The above information disclosed in this Background section is only for enhancement of understanding of the background of the inventive concept and therefore it may contain information that does not form any part of the prior art nor what the prior art may suggest to a person of ordinary skill in the art.

SUMMARY

Exemplary embodiments of the present invention provide a foundation including wings each made of a single metal sheet and that are connected together, and having a gap between the wings forming a diamond or triangle shape.

Additional features of the inventive concept will be set forth in the description which follows, and in part will be apparent from the description, or may be learned by practice of the inventive concept.

An exemplary embodiment of the present invention discloses a foundation including first and second wings, each having first and second wing portions and a bent portion. The first and second wing portions and the bent portion, of each of the first and second wings, is made of a single sheet of metal. The first wing portions of the first and second wings are connected to each other and the second wing portions of the first and second wings are connected to each other. The bent portions of the first and second wings are spaced apart from each other.
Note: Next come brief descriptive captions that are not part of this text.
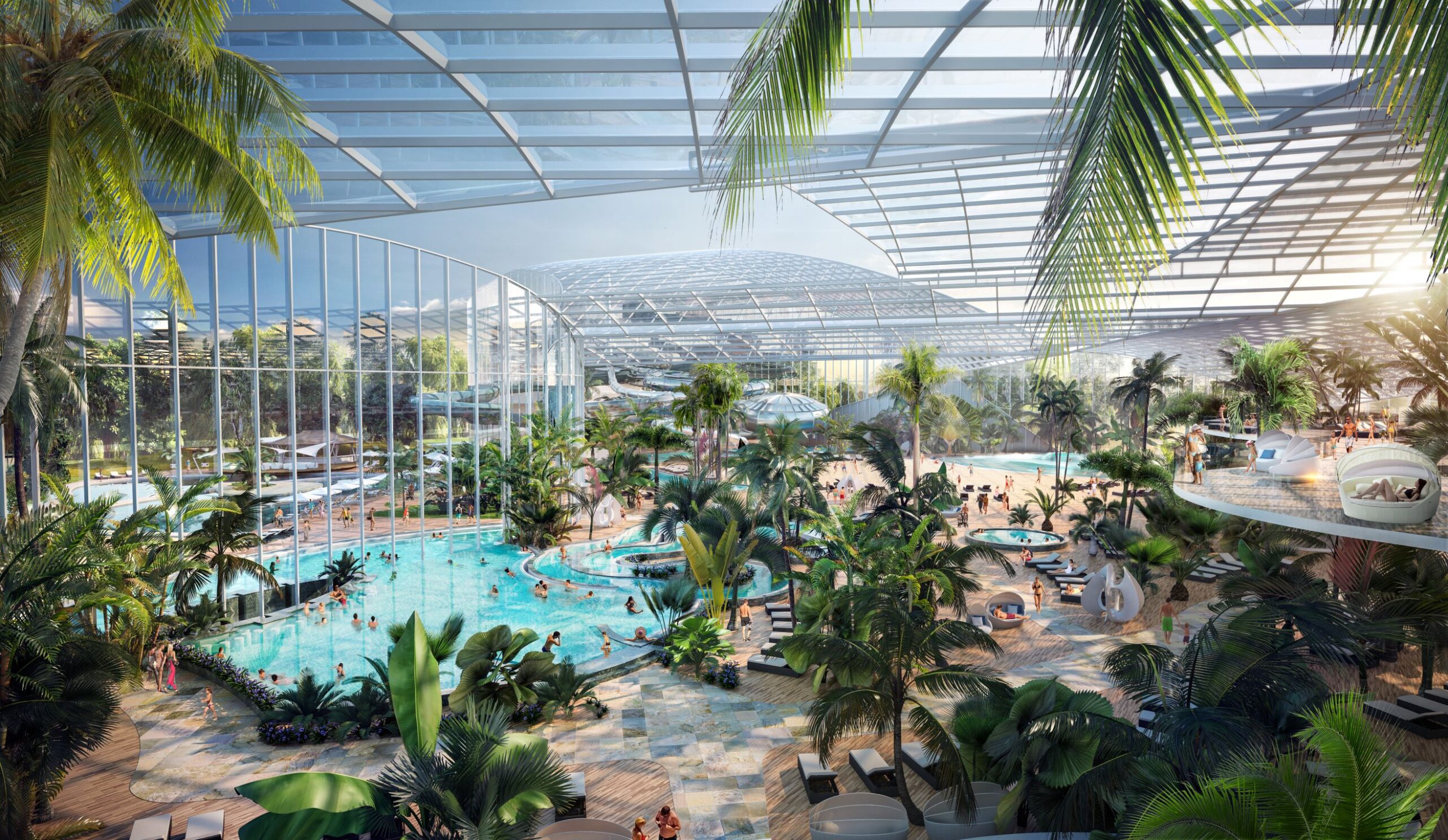 New image of the £250m tropical resort opening next to Trafford Centre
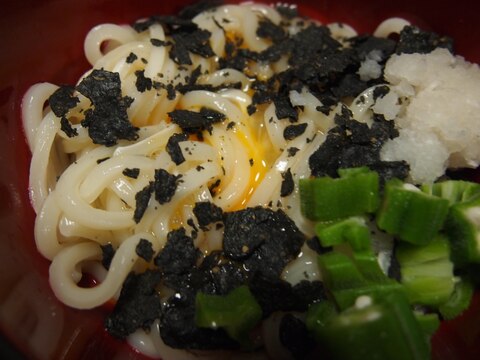 ドリトスがアクセント！ぶっかけうどん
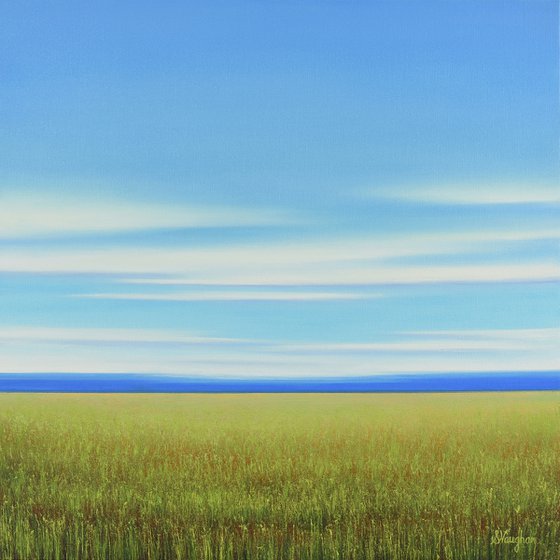 Green Grass- Blue Sky Landscape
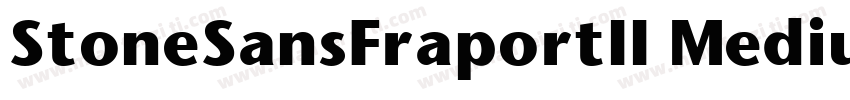 StoneSansFraportII Mediumlt字体转换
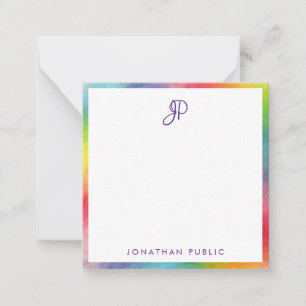 Colourful Border Handwritten Monogram Template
An exemplary embodiment of the present invention also discloses a foundation including first and second wings, each having first and second wing portions and a bent portion, connectors connecting the first and second wing portions of the first and second wings to each other, and a base portion disposed on an edge of each of the first and second wings. The first and second wing portions and the bent portion, of each of the first and second wings, is made of a single sheet of metal. The bent portions of the first and second wings are spaced apart from each other.
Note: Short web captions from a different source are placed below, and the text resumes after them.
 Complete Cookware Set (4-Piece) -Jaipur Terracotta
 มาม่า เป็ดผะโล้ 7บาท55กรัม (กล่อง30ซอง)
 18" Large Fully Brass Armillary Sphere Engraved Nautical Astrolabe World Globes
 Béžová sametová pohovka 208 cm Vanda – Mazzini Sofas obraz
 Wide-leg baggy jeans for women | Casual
It is to be understood that both the foregoing general description and the following detailed description are exemplary and explanatory and are intended to provide further explanation of the inventive concept as claimed.

BRIEF DESCRIPTION OF THE DRAWINGS

The accompanying drawings, which are included to provide a further understanding of the inventive concept, and are incorporated in and constitute a part of this specification, illustrate exemplary embodiments of the inventive concept, and, together with the description, serve to explain principles of the inventive concept.

FIG. 1A illustrates a perspective view of a two-wing diamond foundation according to an exemplary embodiment of the present invention.

FIG. 1B illustrates a perspective view of one wing of the two-wing diamond foundation of FIG. 1A.

FIGS. 2A and 2B illustrate cross-sectional views of one wing of the two-wing diamond foundation of FIG. 1B, taken along line I-I′.

FIG. 3 illustrates a side view of the two-wing diamond foundation of FIG. 1A.

FIG. 4 illustrates a cross-sectional view of the two-wing diamond foundation of FIG. 3, taken along line II-II′.

FIG. 5A illustrates a perspective view of a two-wing diamond foundation including a base plate according to an exemplary embodiment of the present invention.

FIG. 5B illustrates an enlarged portion of the two-wing diamond foundation of FIG. 5A including the base plate.

FIG. 6 illustrates a top view of the base plate of FIG. 5A.

FIG. 7 illustrates a cross-sectional view of the base plate of FIG. 6 including a bolt hole, taken along line III-III′.

FIG. 8 illustrates a bottom view of the two-wing diamond foundation of FIG. 5A.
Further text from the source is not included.